■ **Problem to work on**: From the first line of the data below through the line holding "Intarsien fur Jedermann", output each line exactly and leave the pictures out.
====== Data for the task ======
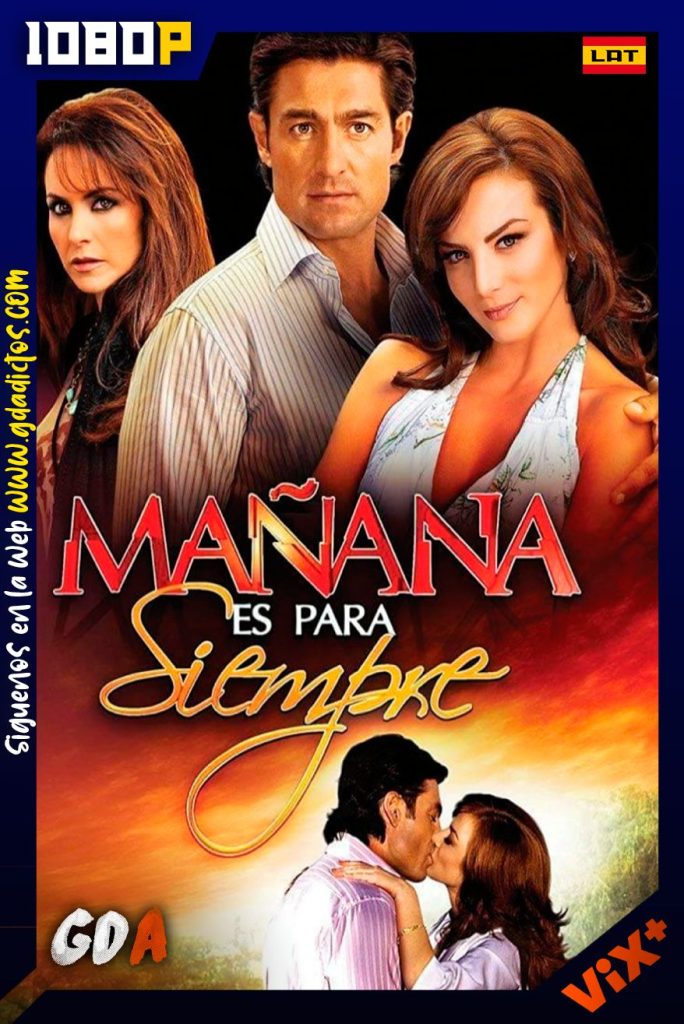 Mañana Es Para Siempre (2008) ViX WEB-DL 1080p Latino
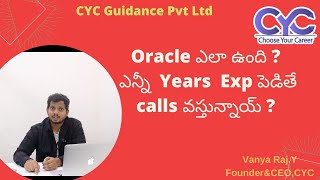 Oracle ఎలా ఉంది  ఎన్నీ Years Exp పెడితే calls వస్తున్నాయ్  oracle jobs in hyderabad  CYC [upl. by Eleirbag]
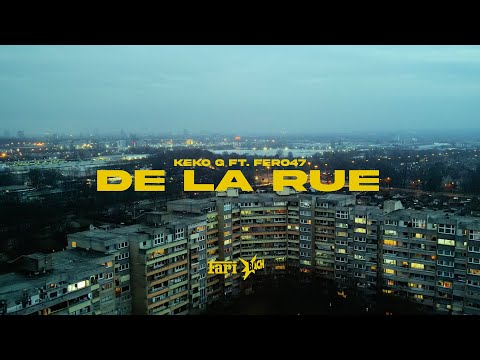 KEKO-G x FERO47 - DE LA RUE (OFFICIAL 4K VIDEO)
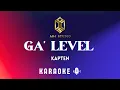 Download Lagu KAPTEN - GA' LEVEL ( No Vocal X Karaoke )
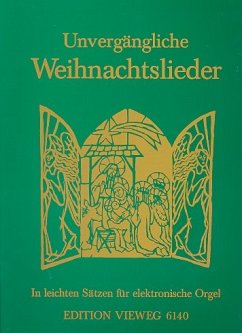 Cover Unvergängliche Weihnachtslieder in leichten Sätzen für E-Orgel (mit Text)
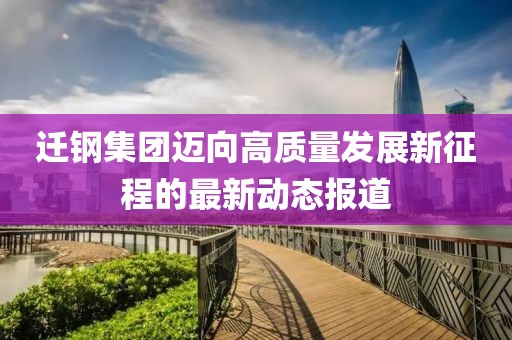 迁钢集团迈向高质量发展新征程的最新动态报道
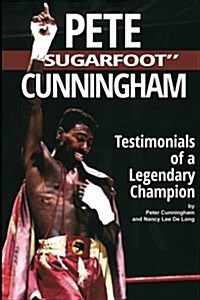 Pete Sugarfoot Cunningham: Testimonials of a Legendary Champion (Paperback)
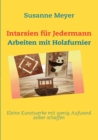 Intarsien fur Jedermann : Arbeiten mit Holzfurnier - Book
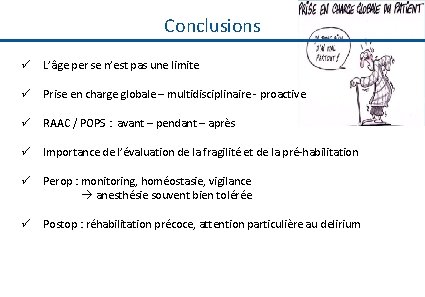 Conclusions ü L’âge per se n’est pas une limite ü Prise en charge globale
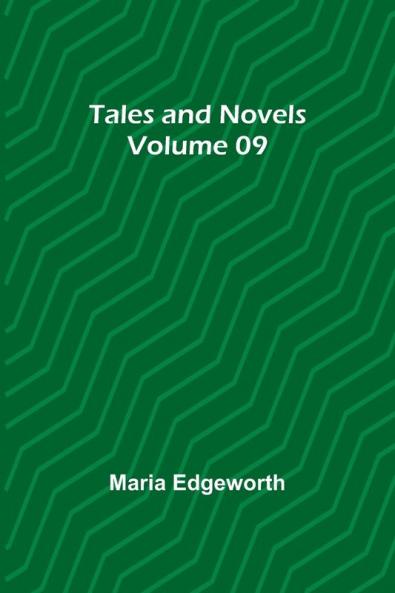 Tales and Novels - Volume 09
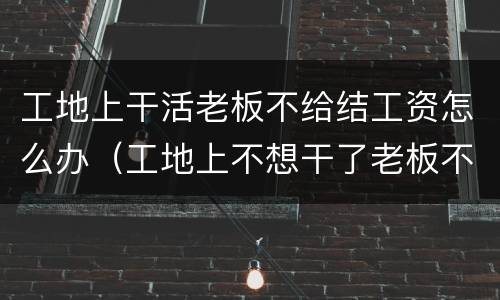 工地上干活老板不给结工资怎么办（工地上不想干了老板不给结工资）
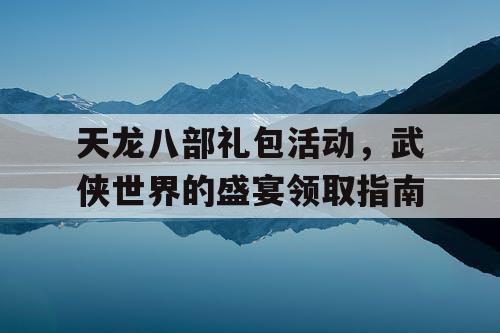 天龙八部礼包活动	，武侠世界的盛宴领取指南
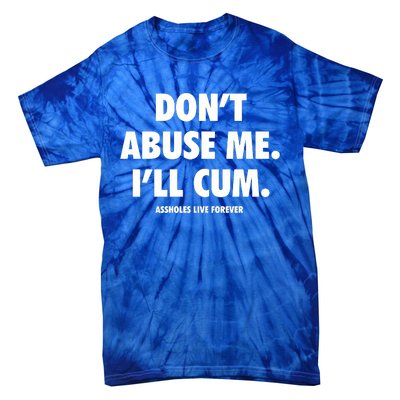 Dont Abuse Me Ill Cum Assholes Live Forever Tie-Dye T-Shirt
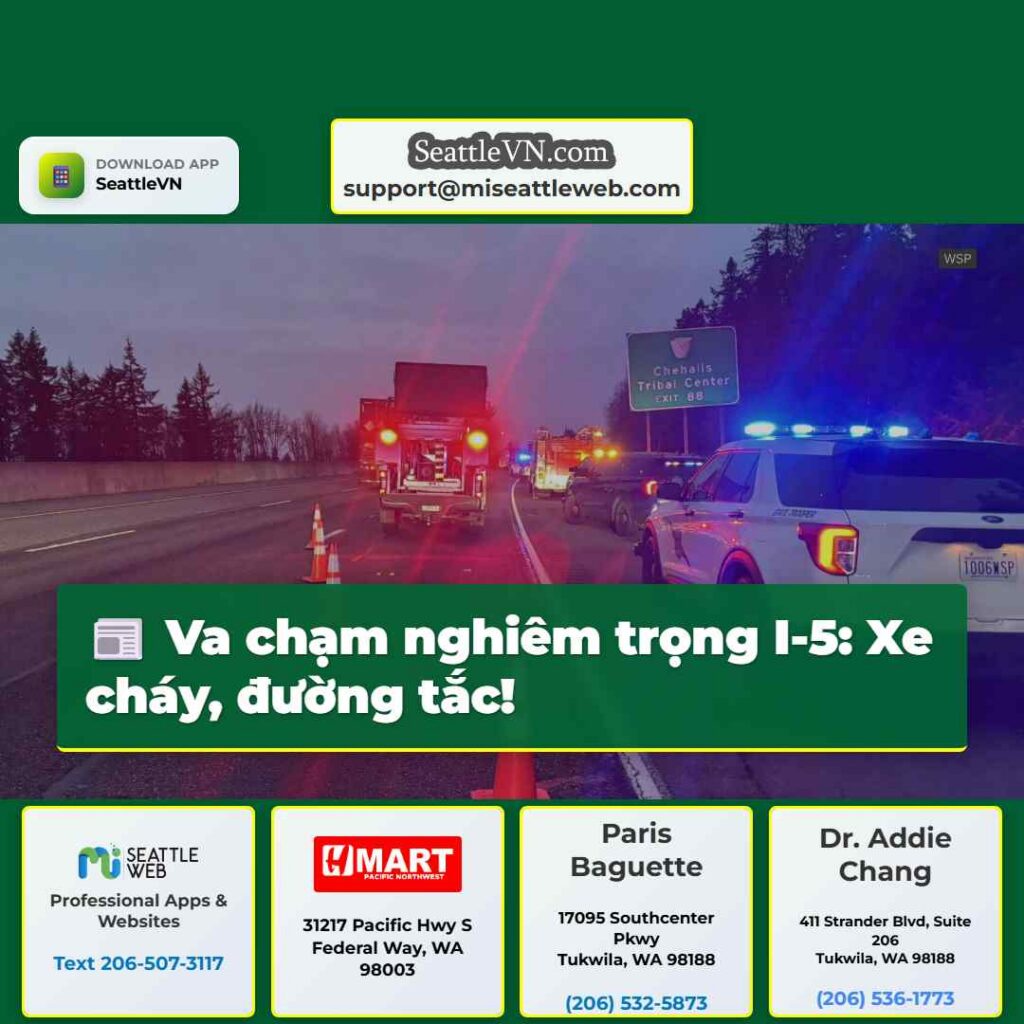 Va chạm nghiêm trọng I-5: Xe cháy, đường tắc!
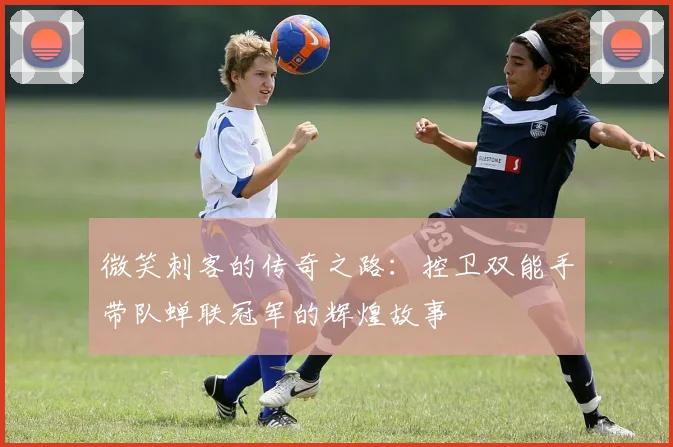 微笑刺客的传奇之路：控卫双能手带队蝉联冠军的辉煌故事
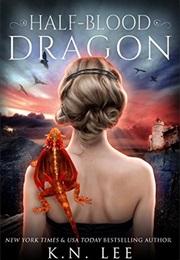 Half - Blood Dragon (Dragon Born Trilogy, #1) (K.N. Lee)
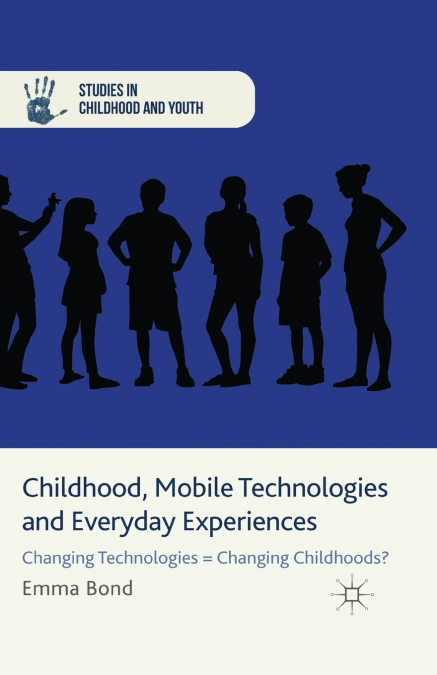 Childhood, Mobile Technologies and Everyday Experiences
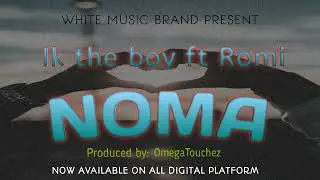Ik the boy ft Romi_-__NOMA(Official audio music)prod. Omega Touchez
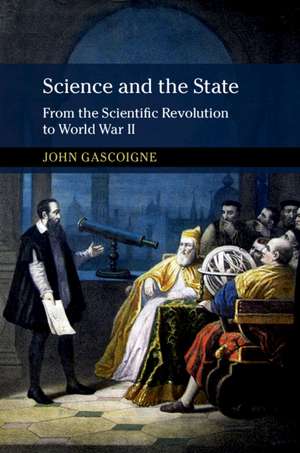 Science and the State: From the Scientific Revolution to World War II de John Gascoigne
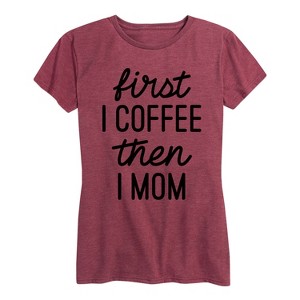 Women's - Instant Message - First I Coffee Then I Mom Short Sleeve Graphic T-Shirt - 1 of 4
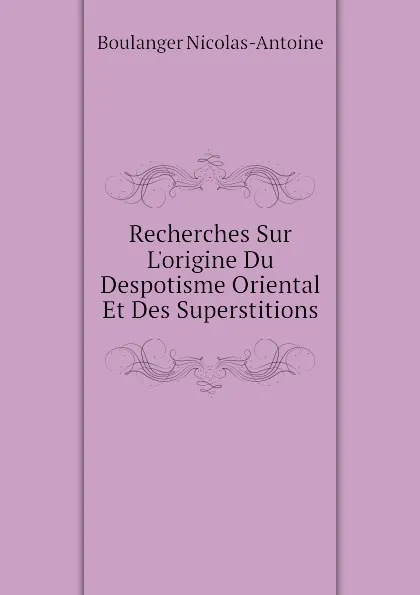 Обложка книги Recherches Sur L.origine Du Despotisme Oriental Et Des Superstitions, Boulanger Nicolas-Antoine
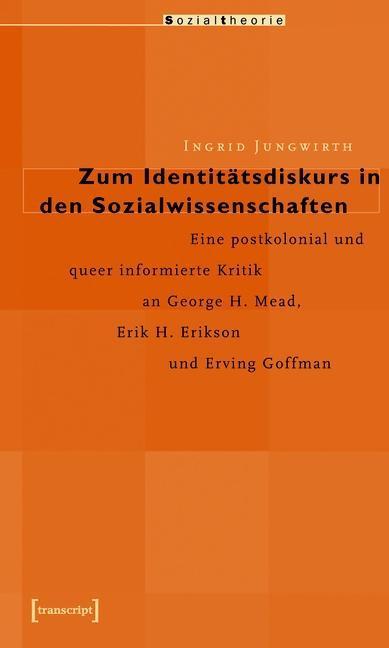 Zum Identitätsdiskurs in den Sozialwissenschaften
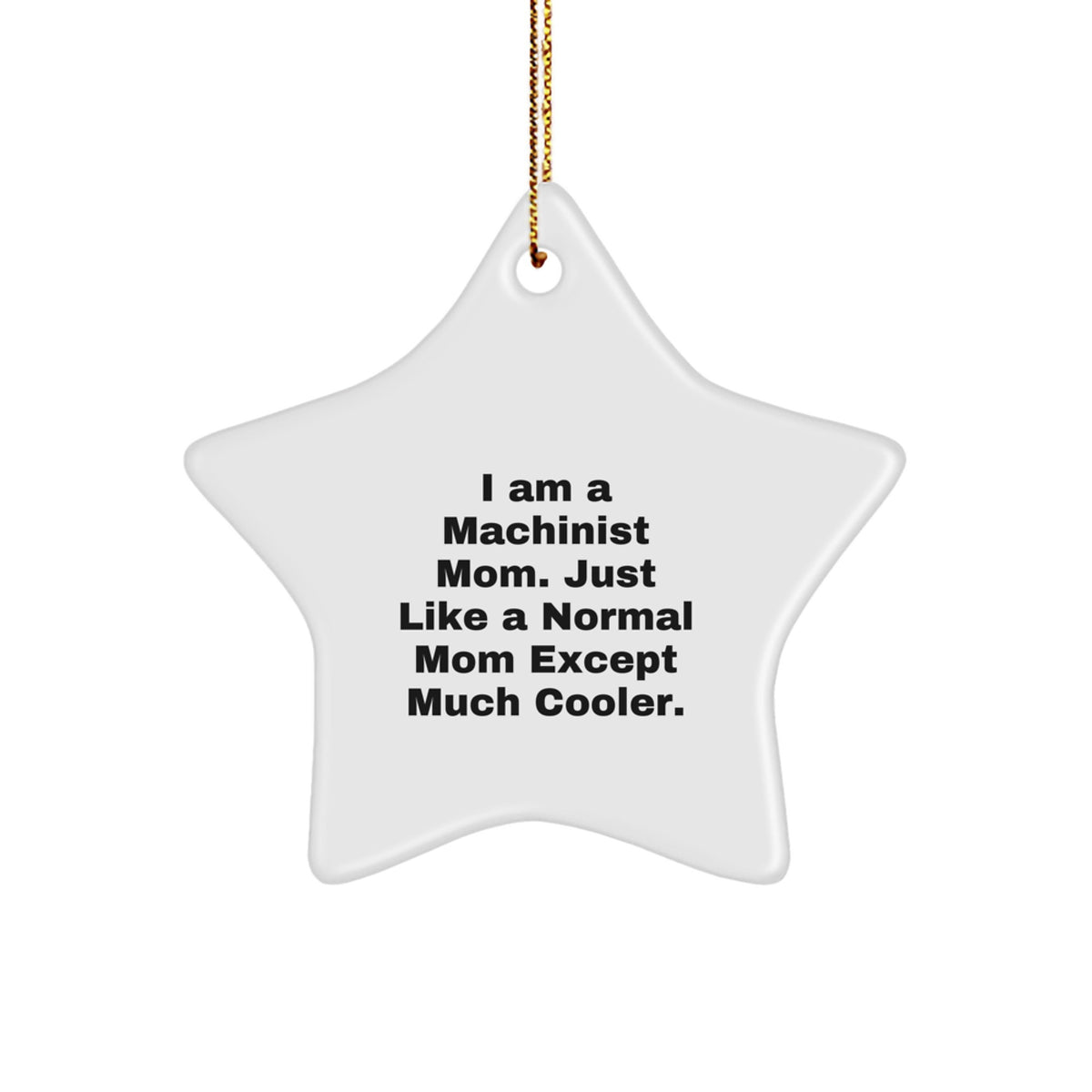 Christmas Ornament Machinist Mom Gift - Just Like A Normal Mom, Much - Image 1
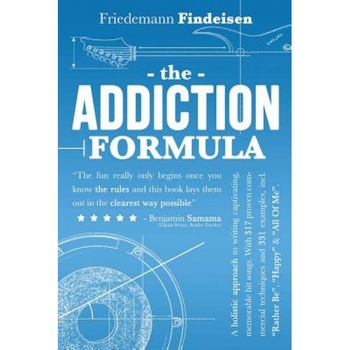 The Addiction Formula: A Holistic Approach to Writing Captivating, Memorable Hit Songs. with 317 Proven Commercial Techniques & 331 Examples,, Friedemann Findeisen (Author) The Addiction Formula: A Holistic Approach to Writing Captivating, Memorable Hit Songs. with 317 Proven Commercial Techniques & 331 Examples,, Friedemann Findeisen (Author)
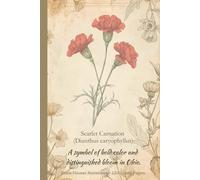 Scarlet Carnation (Dianthus caryophyllus): A symbol of bold color and distinguished bloom in Ohio. State Flower Notebook - 120 Lined Pages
======
■ **Answer below**:
 Mañana Es Para Siempre (2008) ViX WEB-DL 1080p Latino
 Oracle ఎలా ఉంది  ఎన్నీ Years Exp పెడితే calls వస్తున్నాయ్  oracle jobs in hyderabad  CYC [upl. by Eleirbag]
 KEKO-G x FERO47 - DE LA RUE (OFFICIAL 4K VIDEO)
 Download Lagu KAPTEN - GA' LEVEL ( No Vocal X Karaoke )
 Cover Unvergängliche Weihnachtslieder in leichten Sätzen für E-Orgel (mit Text)
 迁钢集团迈向高质量发展新征程的最新动态报道
 Pete Sugarfoot Cunningham: Testimonials of a Legendary Champion (Paperback)
 Intarsien fur Jedermann : Arbeiten mit Holzfurnier - Book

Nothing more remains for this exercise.